If it's the kind of things people say, you want it in screenplays, otherwise Brooklyn 99 would sound like Shakespeare.
> Hey all, as some keen-eyed commenters have pointed out, it looks like the rust program is not actually equivalent to the go program. The go program parses the string once, while the rust program parses it repeatedly inside every loop. […] The perf gains from jemalloc are real, but it's probably not the allocators fault. I've updated the post with this message as well.

I don't know that it would be a gain: Rust is pretty good at decoding UTF8 quickly given how absolutely fundamental that operation is, and "caching" the decoded data would increase pressure on the allocator.

Unless you also changed the interface of the levenshtein to hand it preallocated cache, source and destination buffers (or the caller did that).

edit: to the downvoter, burntsushi did the legwork of actually looking at this[0] and found caching the decoding to have no effect at best, unless the buffers get lifted out of the function entirely, which matches my comment's expectations.

[0] https://news.ycombinator.com/item?id=23059753

> But yes, I did benchmark this, even after reusing allocations, and I can't tell a difference. The benchmark is fairly noisy.

> this post is probably Fake News

It's not Fake News. Fake News is the publication of intentionally false stories. This is just erroneous.

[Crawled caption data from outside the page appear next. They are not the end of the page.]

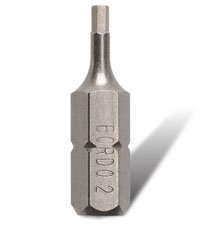 Bordo - 2mm Hex 25mm Insert Bit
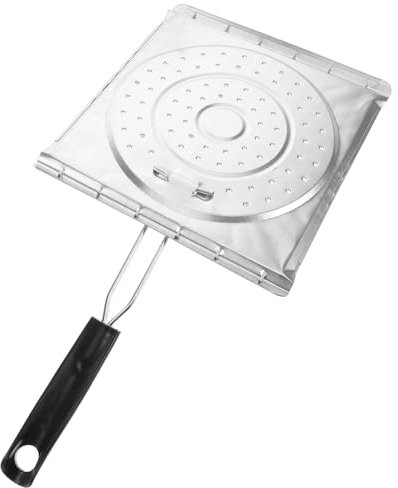 NULYLU Quesadilla Maker 2-in-1 Arepa Toaster Grillrost Mit Perforiertem Design Hitzebeständigem Kunststoffgriff Unbeschichtet Für Camping Küche Picknick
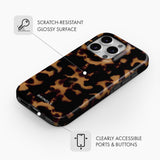Tortoise Chic - Tough Phone Case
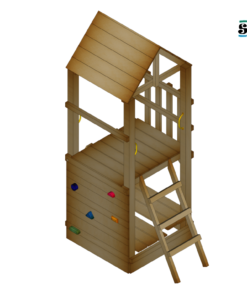 Spielturm CHRIS 2.0 120cm Dach Typ II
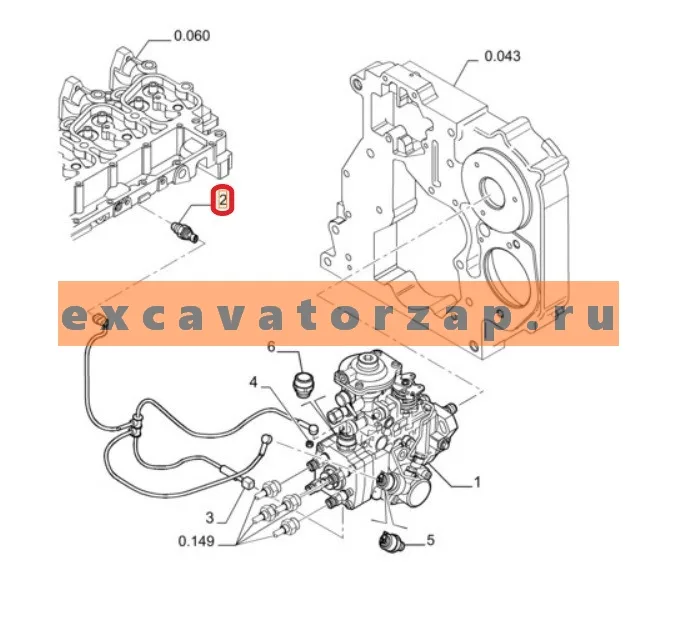 Датчик температуры 4837951 двигателя IVECO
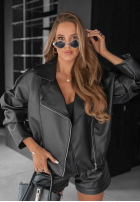 Skórzana Geacă biker Wild Desire negru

There's a yawning chasm between the two.

"fake news" is an attempt at permanently damaging the American public's faith in the fifth estate. Nobody should ever use that term in the current political climate, ever.
Says who?

When news organizations take other news organizations word for it and the story is false, that's fake news. We called it something different back then, but fake news led to the invasion of Iraq. Negligence is sufficient for fake news, malice not required.

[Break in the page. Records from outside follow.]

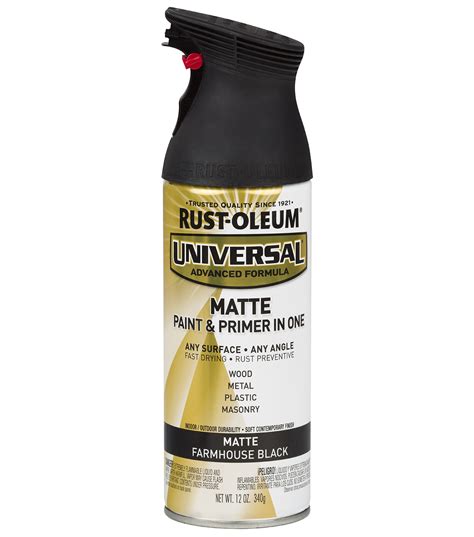 rust oleum universal  surface spray paint matte black joann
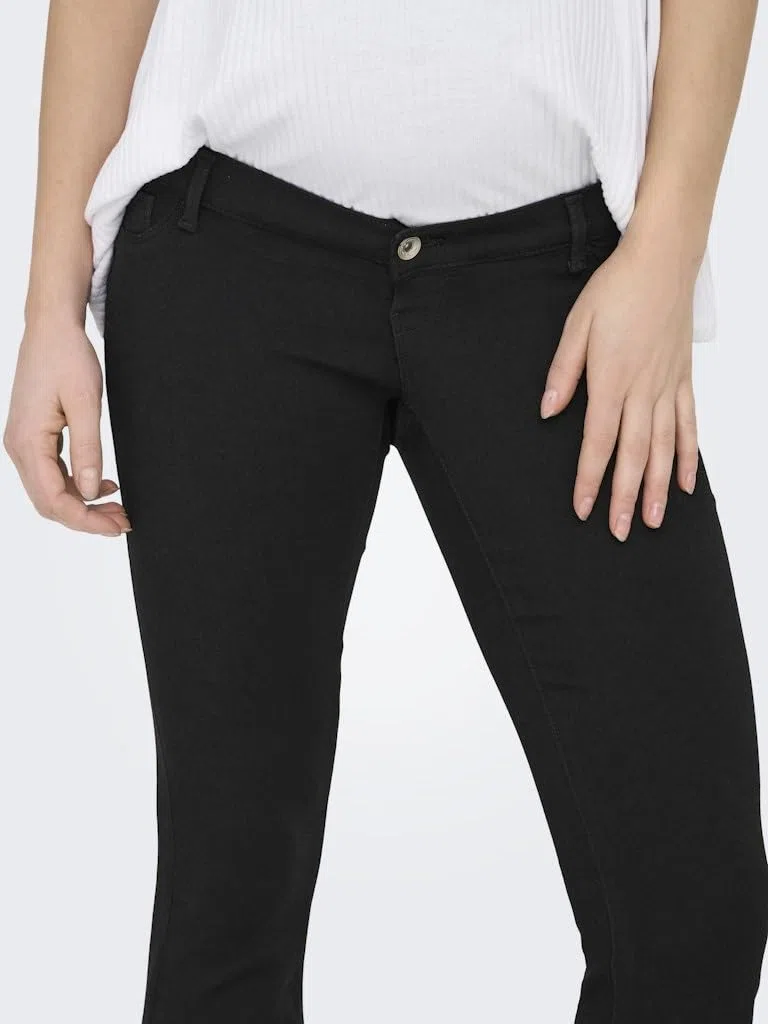 ONLY MATERNITY Olmrain Life Reg Push Up Flared Noos Donna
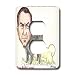 Londons Times Funny Panel Hollywood Cartoons - Chow Bela Lugosi - Light Switch Covers - 2 plug outlet cover Image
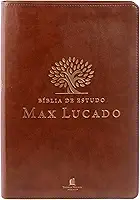 Bíblia de Estudo Max Lucado (NVI, capa em courosoft marrom, Leitura Perfeita): Nova Versão Internacional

Fake News was a term invented around 2015 during the run-up to the 2016 election. It specifically referred to the phenomenon of literally fake news stories, such as rallies and completely false stories about politicians, being published by legitimate-sounding but nonexistent news organizations, using platforms like Facebook to disseminate themselves. Usually these were done from China and Russia.
You're as silly as those people who claim that male and female refer exclusively to sex but not gender. Terms change in meaning and fake news is widely used to refer to false news stories, regardless of reason. You have to accept the way everybody else is using the word.
So, what do you recommend calling what used to be called fake news? And how we ensure that the its replacement isn't co-opted for malicious purposes again?
And then trump redefined it to be about legitimate news sources exclusively. We’ve really been in upside down world for four years.
That's one of the reasons why I bring it up. If we don't stand against this dilution of a powerful term, it will be co-opted - which is exactly what people who want to destroy the trust of the press for their own personal and political ends want to do.
It’s a joke mate
Of course, but it chips away at the Overton window, normalizing it.